When Q2 started the SDK, we needed a way to quickly spin up online banking environments for external users. Prior to the SDK, there wasn’t much need for these environments to be accessible outside the Q2 network, nor was there a requirement to provision them rapidly. Typically, development teams would set them up for internal use, or they were configured and deployed by the Production and Staging teams for banking customers.

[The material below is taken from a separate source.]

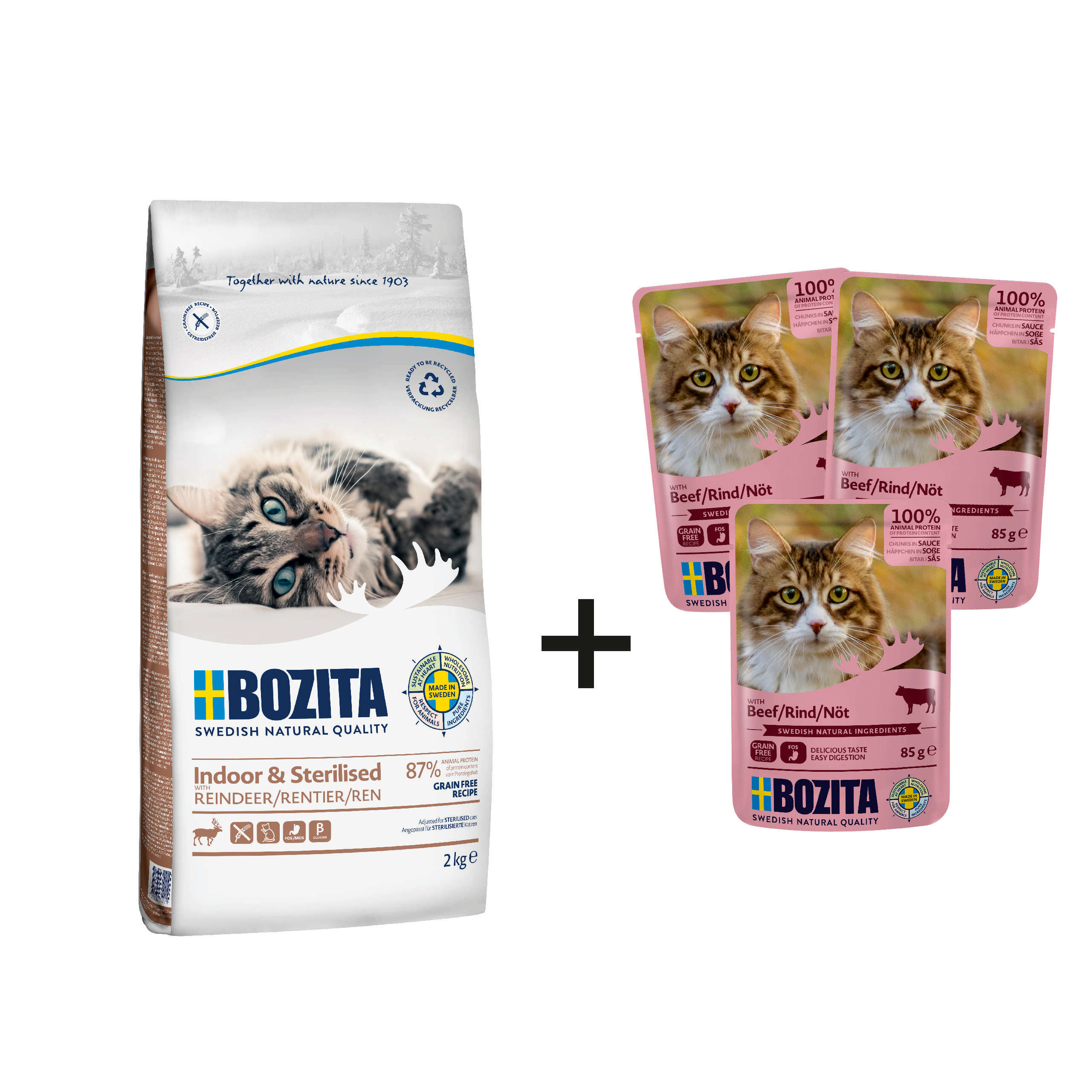 BOZITA INDOOR & STERILISED Grain Free 2kg + 3 saszetki gratis!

Initial Online Banking Setup

The team decided the fastest solution was to create a server cluster in AWS to host all online banking services, along with RDS instances to manage the databases. This setup served us well for many years. Aside from routine updates, the architecture remained largely unchanged—until recently.

Why We Needed a Change

At the time of implementation, AWS RDS for SQL Server had a limit of 30 databases per instance, along with licensing constraints—10 servers per license type. With two license types, our theoretical maximum was 600 databases. Although AWS later increased the limit to 100 databases per instance, this required more powerful (and more expensive) server types, raising the cap to 2,000 databases.

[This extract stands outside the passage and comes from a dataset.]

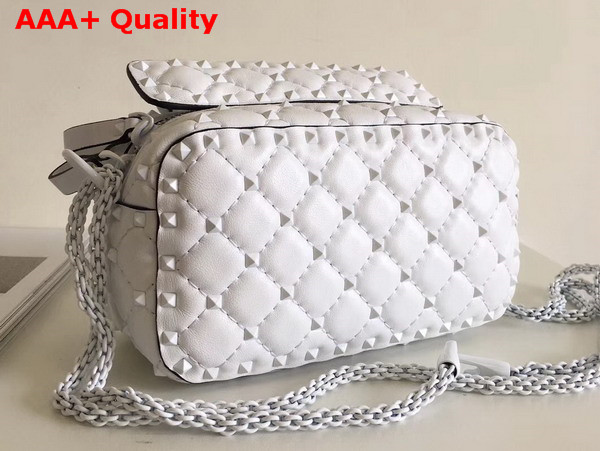 Valentino Garavani Free Rockstud Spike Camera Bag in White Soft Lambskin Leather Replica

By the end of last year, we had reached 580 databases. We faced a decision: scale up to the larger RDS instances or design a new solution using EC2 servers.

Why We Chose EC2

After team discussions, we opted for EC2 servers. This aligned with our Staging and Production environments, and EC2 would be more cost-effective than RDS. Given the efficiency of Microsoft SQL Server, we were confident we could consolidate most databases onto a single EC2 instance. With the plan in place, it was time to execute.

Implementation

By May 12th, all migration scripts were written and tested. Maintenance was scheduled, and we were ready to upgrade. However, transferring 1.8 terabytes of data took significantly longer than expected. After an overnight effort, the system appeared stable by morning.

What Caused the Issues

We migrated databases from 19 over-provisioned servers to a single, high-performance machine. Given the efficiency of SQL Server and Online Banking, this should have worked seamlessly.

However, restarting all environments inadvertently upgraded Online Banking to a version incompatible with the databases. We quickly rolled back the environments, and everything seemed fine—until overnight processes spiked the server to 100% load.

To resolve this, we doubled the core count and quadrupled the memory. After one final restart of all environments, the system has remained stable and healthy.